Coming from a family of teachers, Kelly Richard ’17 understands the importance of good educators. She was a sophomore in high school when she decided teaching was her calling, and she dedicated her time at Elon to cultivating her passion for helping others.

The Teaching Fellow and English major with teacher licensure opened an Elon chapter of the national organization She’s the First, which promotes education for girls in developing countries. In addition to working with student groups on campus, Richard tutored at Elon’s Writing Center and volunteered with the Elon Academy, a college access and success program for local high school students. She is also a member of the Omicron Delta Kappa, Phi Kappa Phi and Sigma Tau Delta honor societies, and a recipient of the Betty Lynch Bowman Scholarship.

For her Teaching Fellows research project, Richard studied the use of graphic novels to increase high school students’ understanding of Shakespeare’s plays. She argued that theatrical works such as Shakespeare’s are first and foremost meant to be seen, but because of time constraints and limited resources, students often simply analyze the text of his plays as they would a book. Her theory was that visual stimulation such as illustrations would aid in students’ comprehension of the works, particularly for those who find Shakespearean English difficult to understand.

She administered two tests to ninth grade students at Western Alamance High School – one based on standard teaching of Shakespeare’s texts and the other based on visual learning – and compared the difference in reading comprehension. Her goal was to make Shakespeare engaging for all students, with the potential to lead to new teaching practices in high school literature.

Richard studied in London in spring 2015 and spent the summer of 2016 in Hyderabad, India, in an independent study experience. While there, she worked as a curriculum team intern for VOICE 4 Girls, a group that organizes empowerment camps for girls. In her position, she helped write and structure curriculums for their programs. She spent two years doggedly pursuing the opportunity and ultimately got not only the internship but also a grant to cover the costs.

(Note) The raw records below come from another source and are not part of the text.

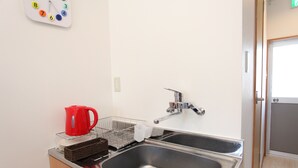 Una cocina con un lavamanos doble, una tetera roja, un escurreplatos y un reloj de pared.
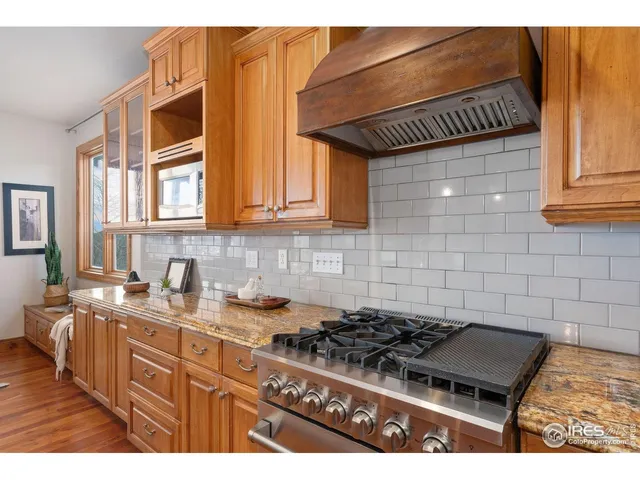 a kitchen with granite countertop a stove a sink dishwasher and cabinets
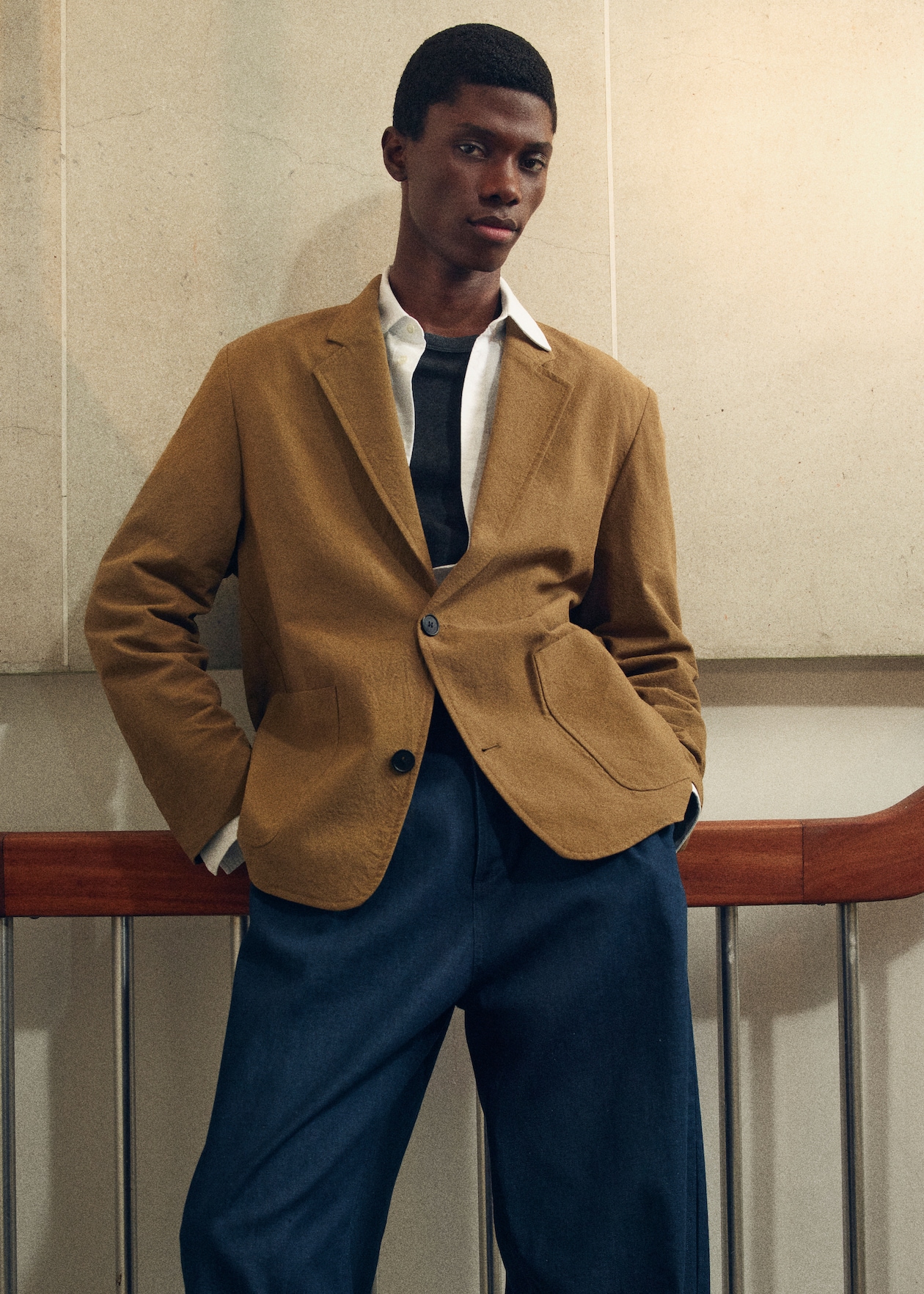 Man in blazer and navy trousers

Richard’s ability to pursue the internship in India points to her independence and ability to thoughtfully negotiate difficulties, said Associate Professor of English Kim Pyne. “Alone in a country she had never visited, immersed in a culture radically different from her own, she met the challenge with serious reflection, willingness to step outside of her personal lens and comfort, and open communication,” Pyne said. “She was devoted to her own learning, but even more dedicated to the needs of students and colleagues.”

I know how powerful an educated woman can be, and I want to make it my life goal to give as many other young men and women the opportunities to succeed academically as I was, whether as a teacher or through a larger organization.

Next, Richard will continue building a career in education as she heads to Indonesia to teach English through a Fulbright English Teaching Assistantship. Sponsored by the U.S. Department of State, the Fulbright Program is the flagship international educational exchange program sponsored by the U.S. government. Recipients of Fulbright grants are selected on the basis of academic or professional achievement, as well as demonstrated leadership potential in their fields. The program operates in more than 160 countries worldwide.

Originally from Apex, North Carolina, Richard plans to pursue a career as a high school English teacher or land a position within the nonprofit education sector.